I also don't think it is ever good to elevate any group to a level beyond accountability because of past persecution.
Best scene by far is where Brian is writing "Romans Go Home" on the wall at night and gets caught by John Cleese as the centurion schoolmaster. "And WHAT case is that in?"
"Uh..uh...dative?"
[sword to throat]
I've spent a lot of my time taking language classes, so I thought it was funny :).
Maybe I'm just a bit sensitive these days to the subject, having spent the weekend watching people march down Market Street with signs equating the Star of David to the swastika. Yeah, LoB was in 1973 (I think)... but still. Y'know.

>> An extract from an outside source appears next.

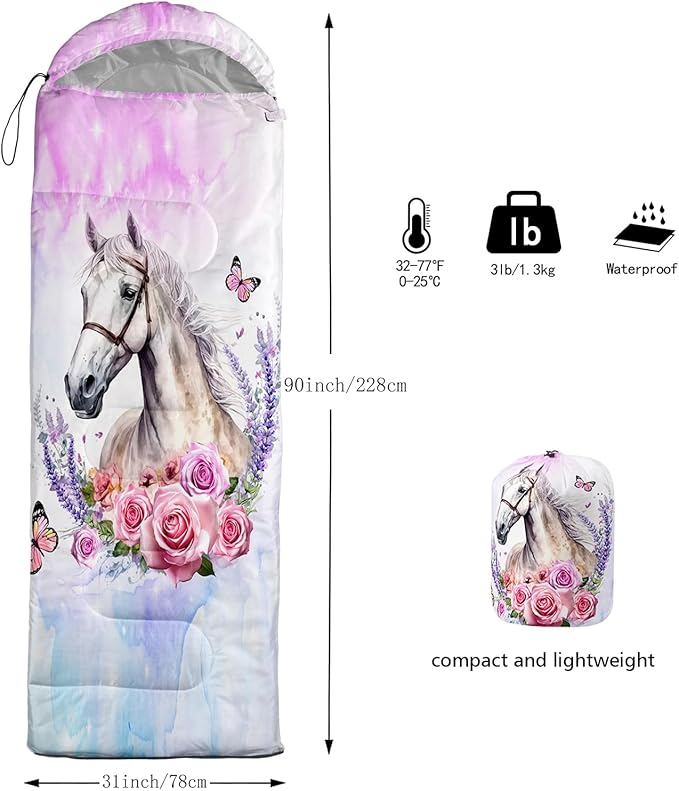 HOSIMA Dear Hunting Pattern Cold Weather Sleeping Bags for Adults,Black Light Weight Sleeping Bags for Kids Adults,WaterProof Sleeping Bags for Outdoors Hiking.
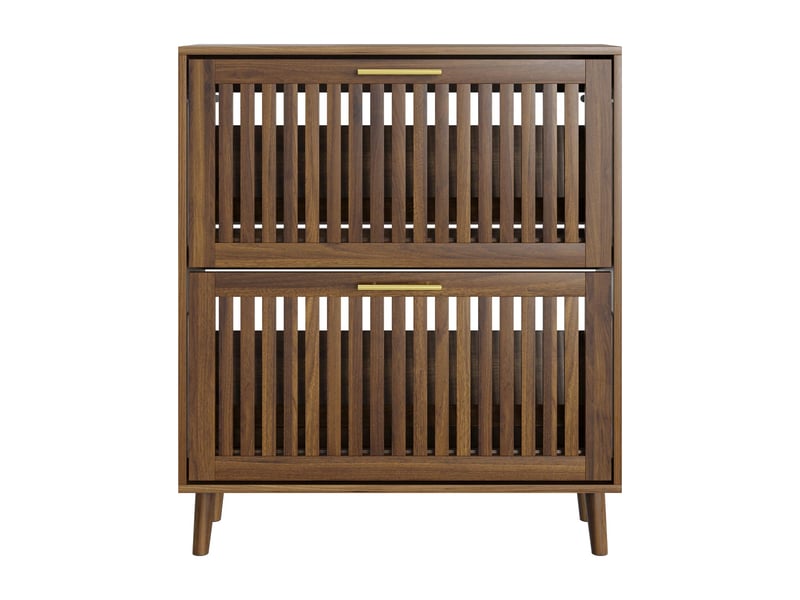  Meuble à chaussures 80 x 24 x 92.5 cm - 2 portes abattantes à grille – style mid-century modern -bois - noyer  - Conforama A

I can't link to a specific reference, but i know i've seen an interview in print where one of the Pythons--i believe it was John Cleese--said that when they began the "Brian" project, they originally intended it to be a piss-take on Christianity, but that when they researched the material (i.e. read the New Teatament) they (paraphrased) "realized we didn't have any problem with what Jesus said," and thus "Brian" became more of a broad satire of the foolishness of fanatics.
erm, that's supposed to read "Testament."
Yes, but it's funnier with the 'a'.
It seemed awfully good satire on the schismatic Palestinian terrorist groups (also "What have the Romans done for us?"). This surprises me, as I assumed Jewish swastikas more accurately reflect their views on the Mideast.